* Task goal *
Beginning with the line that holds "Philips E Line" and ending with the last line of the entries, please output each line exactly, apart from any pictures.

* Recorded information *
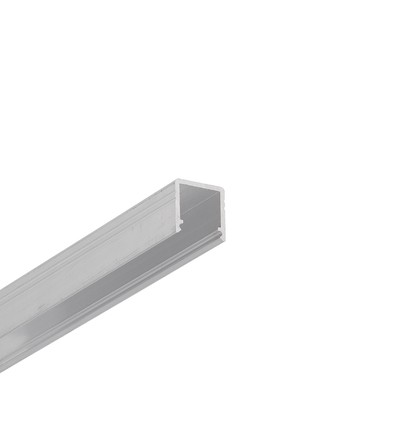 2m aluminiumprofiel SMART10 AC2/Z - Onbehandeld aluminium, opbouw, LED-profiel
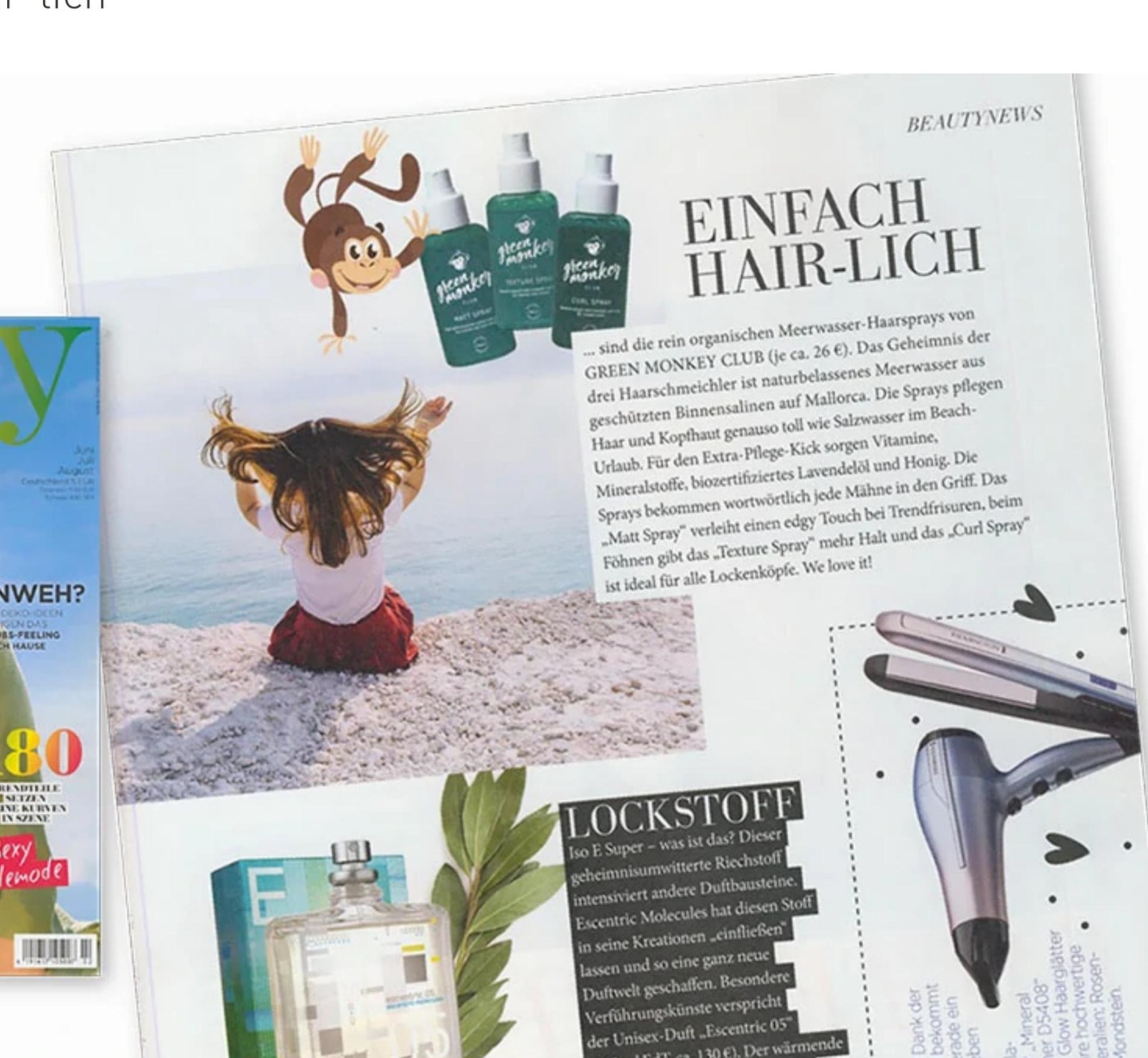 The Curvy Magazine – Green Monkey Club Sea Water Sprays am Meer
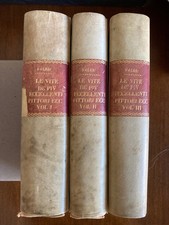 Le vite dei più eccellenti pittori ecc. COMPLETO 3 voll. - G. Vasari - Sonzogno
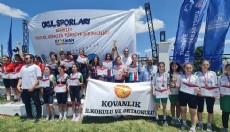 Antalya'da köy okulunun kızları, bisiklette Türkiye 3'üncüsü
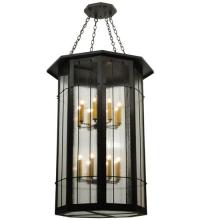 Meyda Black 120511 - 38" Wide West Albany 16 Light Pendant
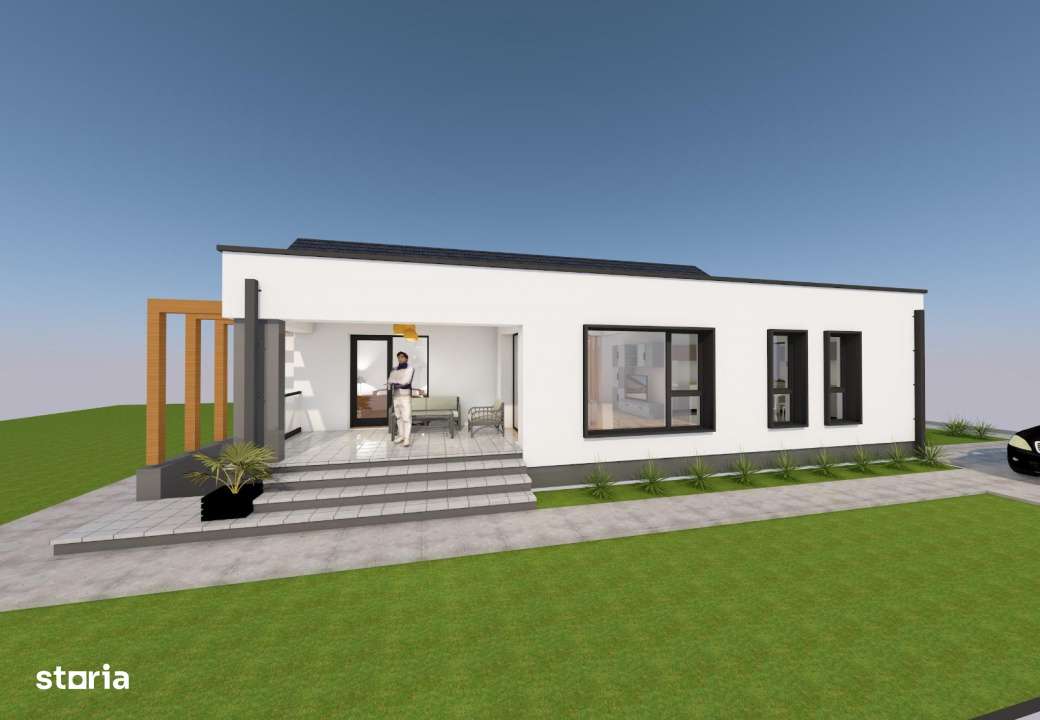 Casa individuala la cheie, 120 mp utili, teren 375 mp,Cartier Cetate, - Imagine principală: 4/12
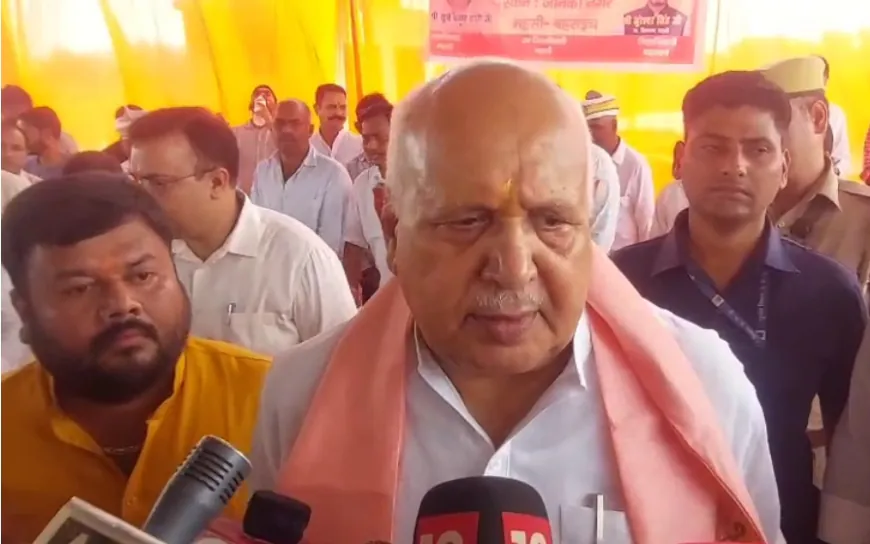 बाढ़ प्रभावित क्षेत्रों का प्रभारी मंत्री सूर्य प्रताप शाही ने किया निरीक्षण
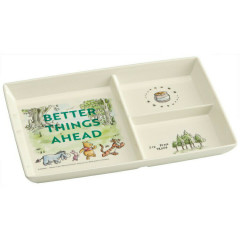 Japan Disney Divided Plate - Pooh / Better Things Ahead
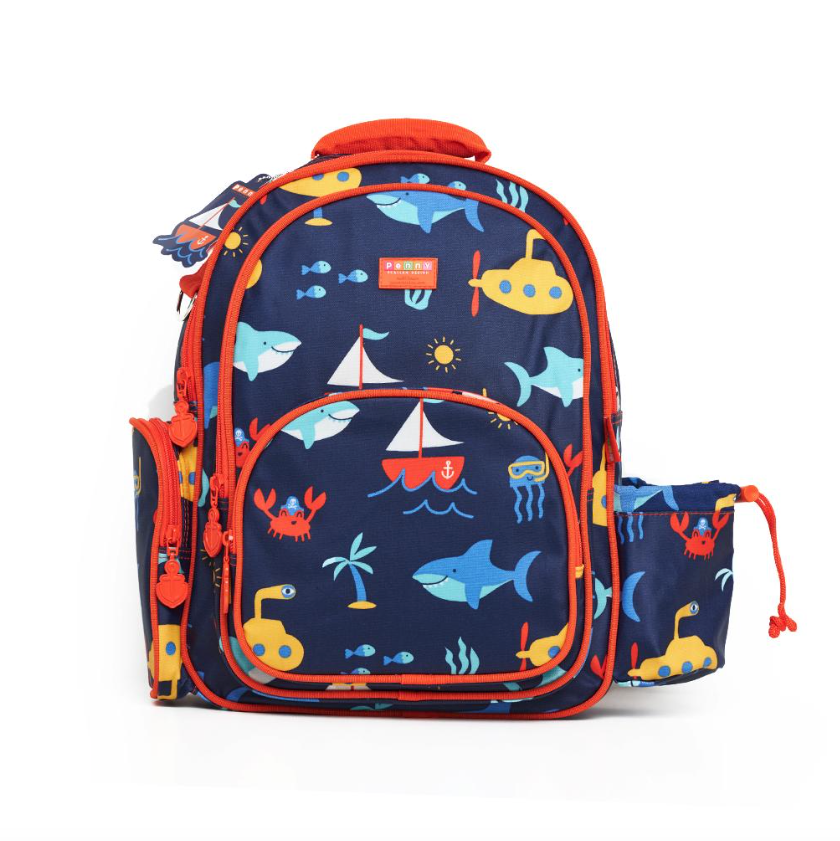 Penny Scallan Large Backpack Anchors Away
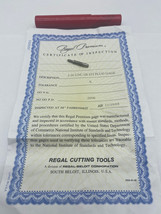 NEW Regal Cutting Tools 2-56 UNC-2B STI NoGo 0.0996 Thread Plug Gage  - $55.60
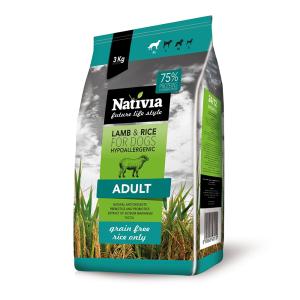Nativia Lamb & Rice Adult 3 kg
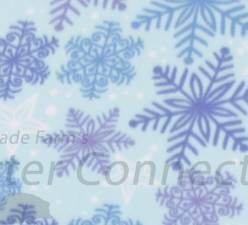 Blue & Purple Snowflakes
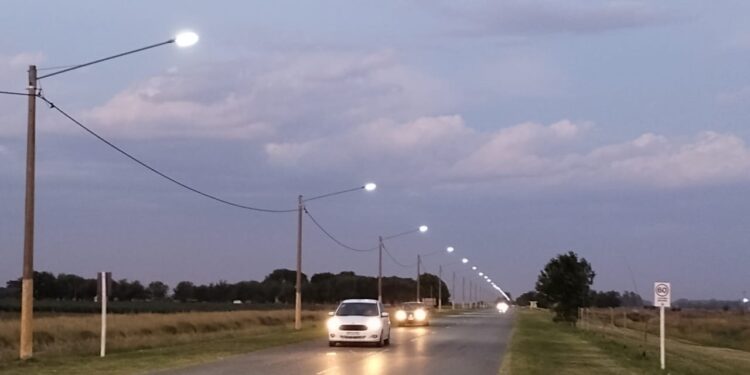 O´BRIEN: EL ACCESO TIENE LUCES LED. SE HABILITÓ EL SABADO 1 O´BRIEN: EL ACCESO TIENE LUCES LED. SE HABILITÓ EL SABADO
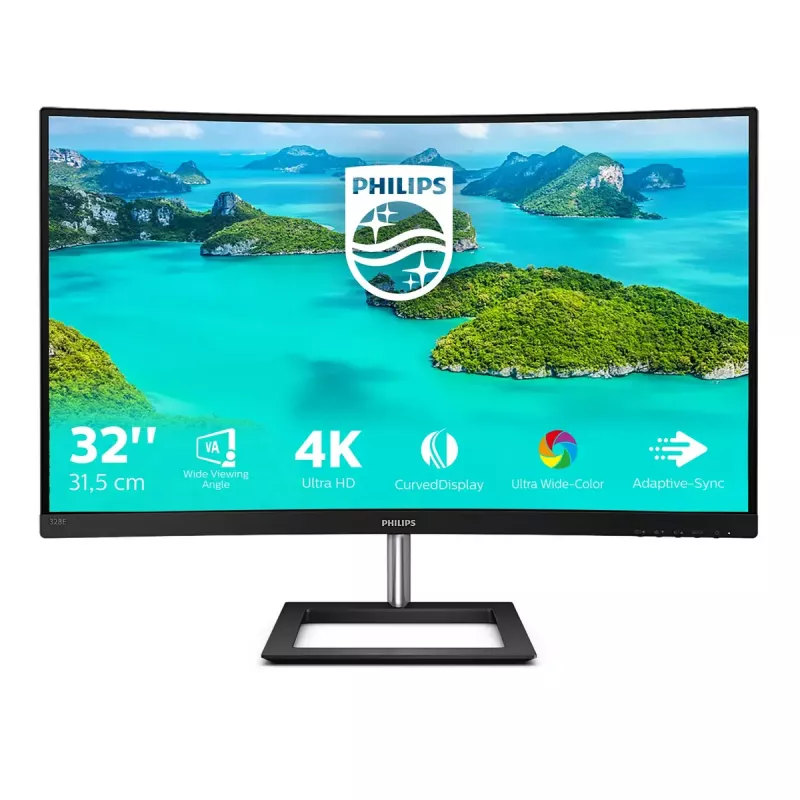 Philips E Line 328E1CA/00 Computer Monitor 80 cm (31,5 Zoll) 3840 x 2160 Pixel 4K Ultra HD LCD Schwarz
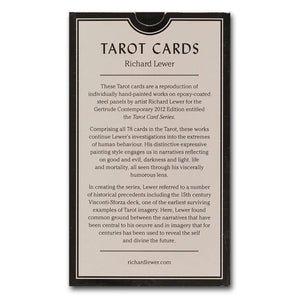 Richard Lewer 'Tarot cards' with signed edition card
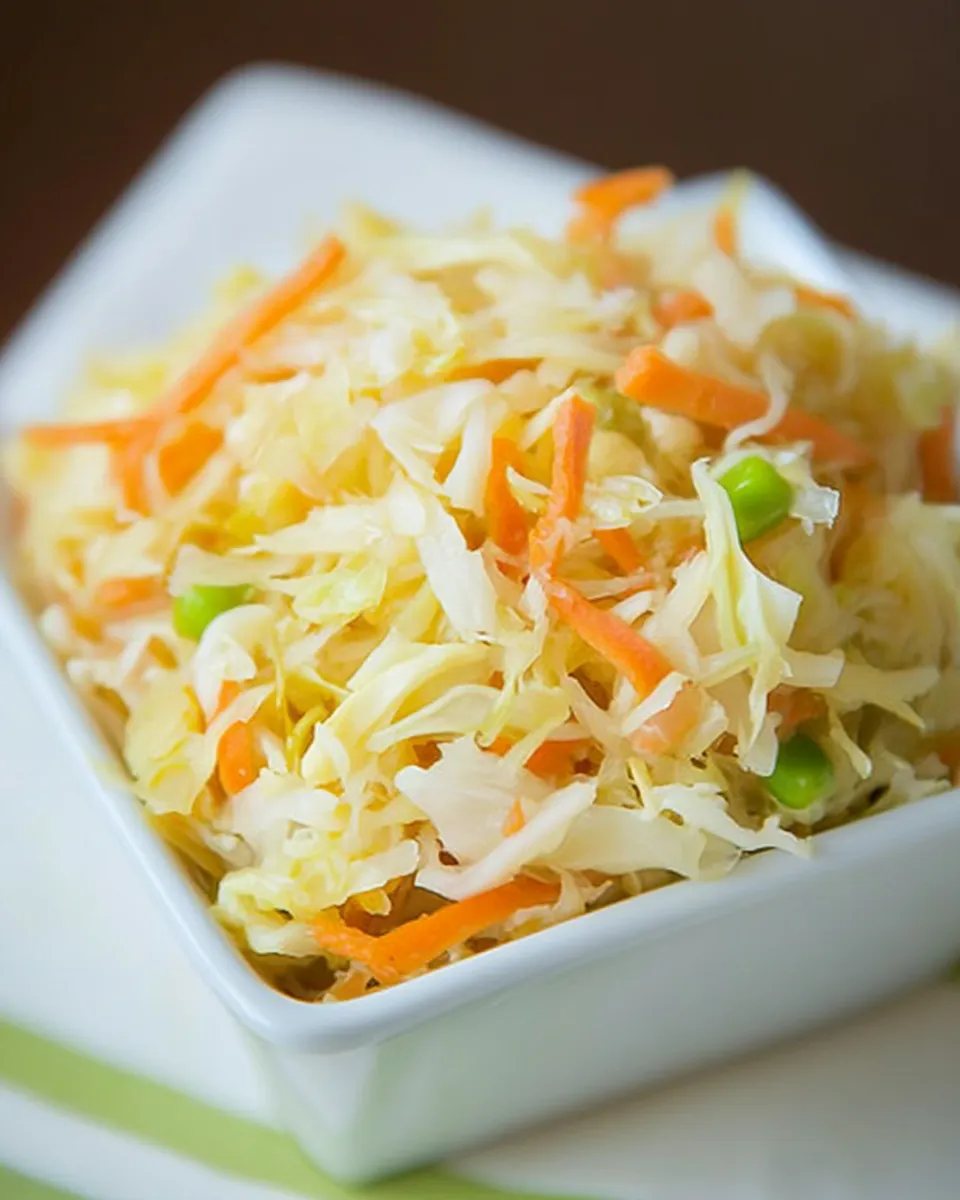 Quick Easy Overnight Sauerkraut Recipe dish photo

* Response area *
 Philips E Line 328E1CA/00 Computer Monitor 80 cm (31,5 Zoll) 3840 x 2160 Pixel 4K Ultra HD LCD Schwarz
 Richard Lewer 'Tarot cards' with signed edition card
 Quick Easy Overnight Sauerkraut Recipe dish photo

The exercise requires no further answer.